Directions: Write the listing out again word for word, excluding any pictures.
(Beginning of Working data)
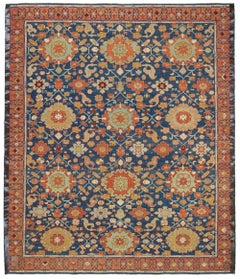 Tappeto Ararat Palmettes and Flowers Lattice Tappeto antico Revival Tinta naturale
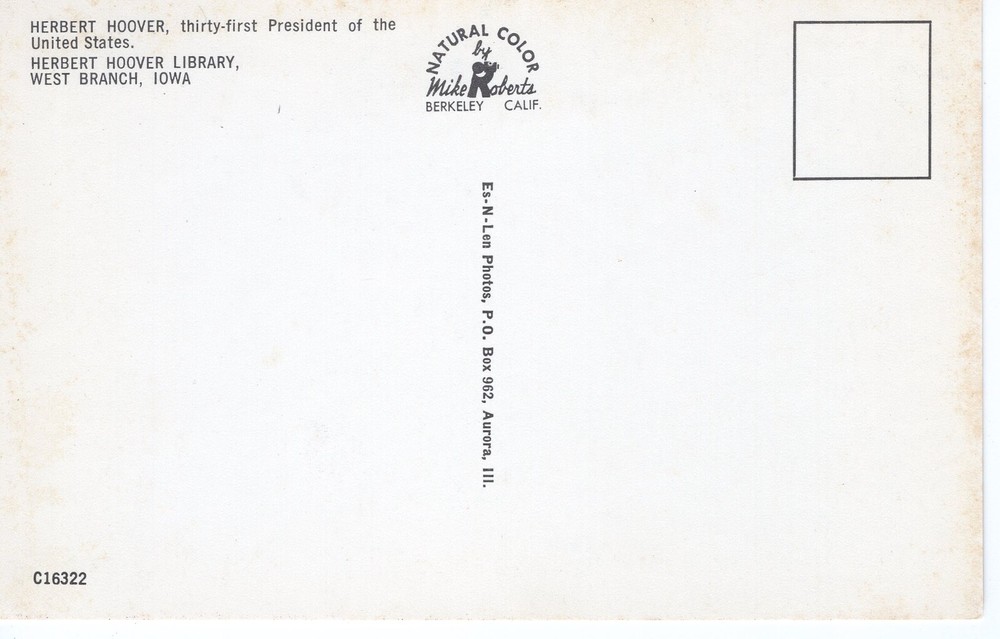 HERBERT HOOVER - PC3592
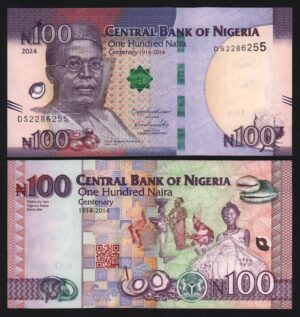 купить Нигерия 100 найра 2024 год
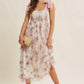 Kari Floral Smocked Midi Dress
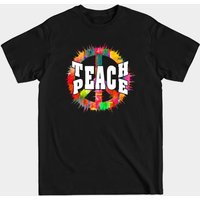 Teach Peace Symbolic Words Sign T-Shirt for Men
(End of Working data)
Solution below:
 Tappeto Ararat Palmettes and Flowers Lattice Tappeto antico Revival Tinta naturale
 HERBERT HOOVER - PC3592
 купить Нигерия 100 найра 2024 год
 Kari Floral Smocked Midi Dress
 Teach Peace Symbolic Words Sign T-Shirt for Men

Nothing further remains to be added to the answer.